Und obwohl laut Phil Mickelson nahezu jeder der Welt-Top-100 in Sachen Super League angesprochen wurde, ist daher bislang nicht ein Name gefallen, dessen Klang tatsächlich ein echtes Beben auslösen würde – bei allem Respekt vor Henrik Stenson und Ian Poulter, dem jüngsten „Übernahme-Kandidaten“, der laut „The Daily Telegraph“ seine Ambitionen auf das Amt des europäischen Ryder-Cup-Kapitäns gegen eine Saudi-Offerte von 22 Millionen Pfund abwägen darf. Oder vor Lee Westwood, der beim Saudi International alle Fragen bezüglich der Super Golf League (SGL) abwiegelt, weil er nach eigener Aussage eine Verschwiegenheitsvereinbarung unterschrieben hat.
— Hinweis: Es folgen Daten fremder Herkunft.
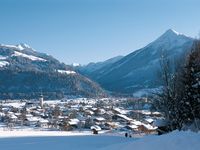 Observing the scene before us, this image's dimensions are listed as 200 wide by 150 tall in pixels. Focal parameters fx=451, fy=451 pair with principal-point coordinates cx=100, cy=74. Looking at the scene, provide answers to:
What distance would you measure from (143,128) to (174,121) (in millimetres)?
45646

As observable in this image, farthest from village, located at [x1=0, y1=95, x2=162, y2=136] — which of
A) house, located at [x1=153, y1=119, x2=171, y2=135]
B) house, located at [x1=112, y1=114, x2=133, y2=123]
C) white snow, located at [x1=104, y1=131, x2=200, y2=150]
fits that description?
white snow, located at [x1=104, y1=131, x2=200, y2=150]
Das Veteranentrio – 45, 46 sowie 48 Jahre alt und zwar mit viel Sympathie, indes nur einem Majorsieg etikettiert, Stensons Open Championship von 2016 – wäre nämlich allenfalls ein solider Feldfüller von eingeschränkter Wirkweise. Für aufmerksamkeits- und quotenstarke Auftritte braucht die SGL-Tingeltruppe Zugpferde ganz anderen Kalibers.

SGL-Format konterkariert selbständiges Unternehmertum

Ein pikanter Aspekt des geplanten Formats in Formel-1-Manier ist übrigens, dass die beteiligten Matadore dann nach Normans Pfeife tanzen müssten und über ihren Kalender nicht mehr frei entscheiden könnten. Was wiederum das „selbständige Unternehmertum“ konterkariert, das alle und allen voran der Schein… „Schutzheilige“ namens Norman liebend gern reklamieren.

Summa summarum bleibt in Sachen Saudi Arabien, Greg Norman, Asian Tour und „International Series“ bis auf weiteres festzustellen: Der Berg kreißte und gebar ein Mäuslein.